● **TASK DESCRIPTION**: Please transcribe the data below in full. Omit any picture you find in it.

● **DATASET EXCERPT**:
..........
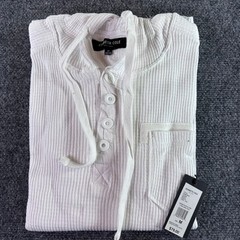 Kenneth Cole Hooded Henley Mens Medium White Ribbed Cotton NWT KH9KTWHT Thermal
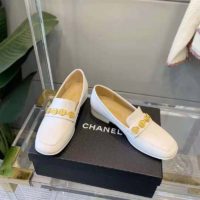 Chanel Women Loafers Lambskin Ivory 1.5 cm Heel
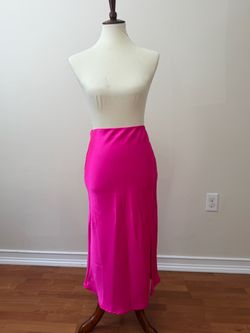 Satin pink midi skirt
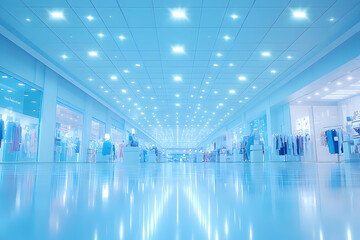 Modern shopping mall interior, bright lighting, clean aesthetic, retail space, stylish architecture, perspective view, empty corridor.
..........
● **ANSWER**:
 Kenneth Cole Hooded Henley Mens Medium White Ribbed Cotton NWT KH9KTWHT Thermal
 Chanel Women Loafers Lambskin Ivory 1.5 cm Heel
 Satin pink midi skirt
 Modern shopping mall interior, bright lighting, clean aesthetic, retail space, stylish architecture, perspective view, empty corridor.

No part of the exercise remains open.